§ **What you will do**
Take the line that contains "L214A Grindmaster Cecilware" and each line after it to the end of the material below, and return them exactly, minus the pictures.

※

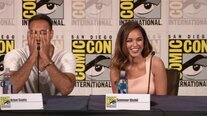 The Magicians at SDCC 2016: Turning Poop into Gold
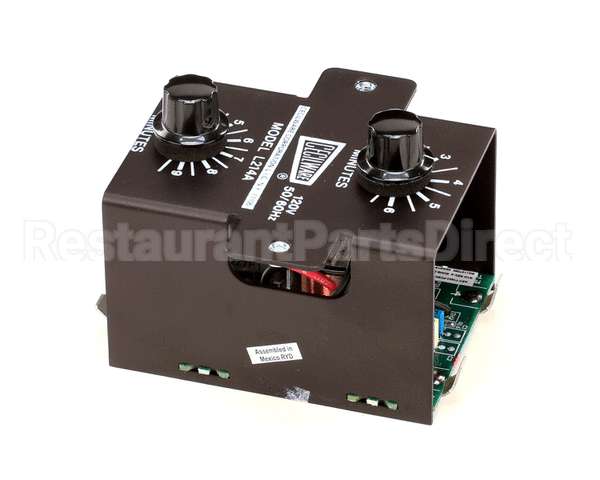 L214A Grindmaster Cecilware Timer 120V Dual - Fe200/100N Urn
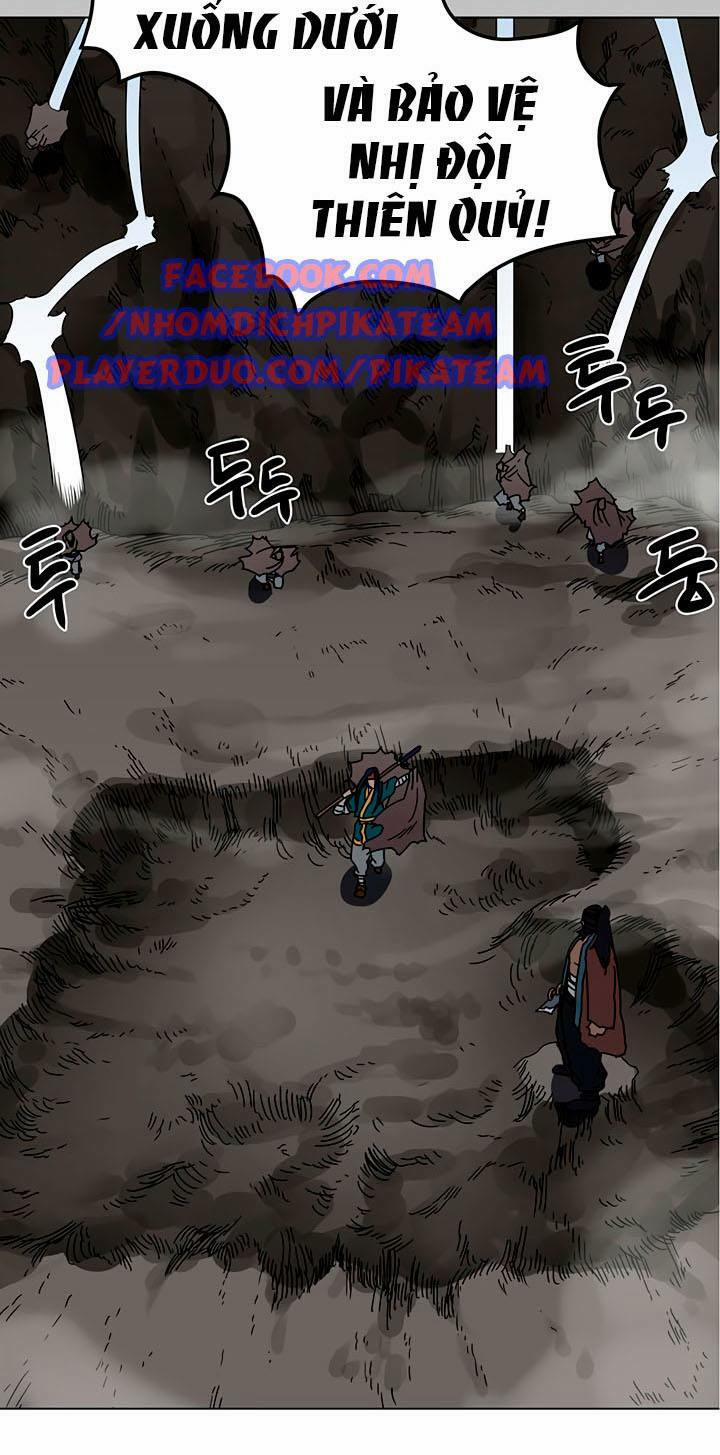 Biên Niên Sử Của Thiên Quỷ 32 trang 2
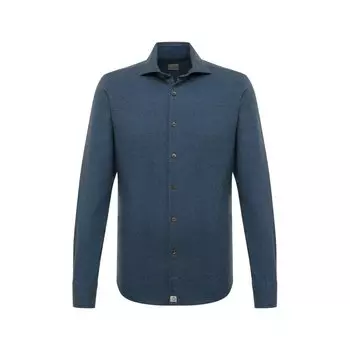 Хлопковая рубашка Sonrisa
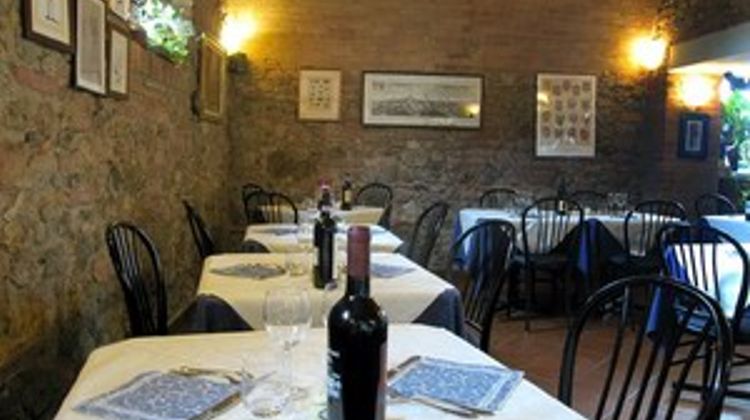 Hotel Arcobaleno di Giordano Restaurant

※

§ **Response area**
 L214A Grindmaster Cecilware Timer 120V Dual - Fe200/100N Urn
 Biên Niên Sử Của Thiên Quỷ 32 trang 2
 Хлопковая рубашка Sonrisa
 Hotel Arcobaleno di Giordano Restaurant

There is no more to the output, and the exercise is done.